### Provided material
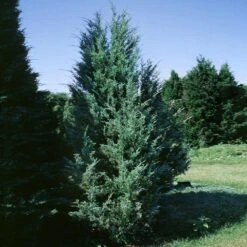 Moonglow Juniper -Evergreen Trees Sales Store Moonglow Juniper 1 BB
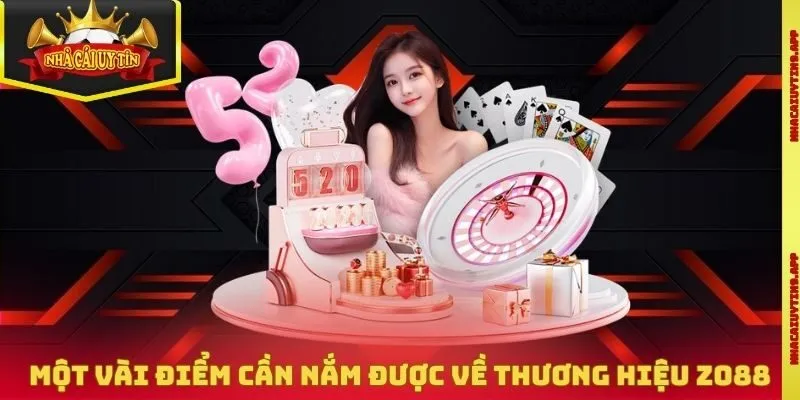 Một vài điểm cần nắm được về thương hiệu Zo88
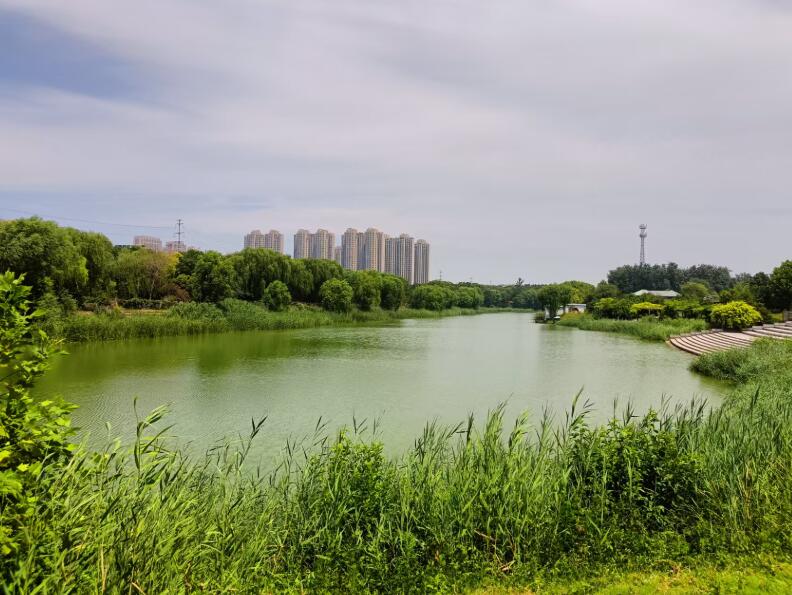 濮阳考察现场实拍.jpg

### Task instructions
From the material above, print everything exactly except the pictures.

### Solution
 Moonglow Juniper -Evergreen Trees Sales Store Moonglow Juniper 1 BB
 Một vài điểm cần nắm được về thương hiệu Zo88
 濮阳考察现场实拍.jpg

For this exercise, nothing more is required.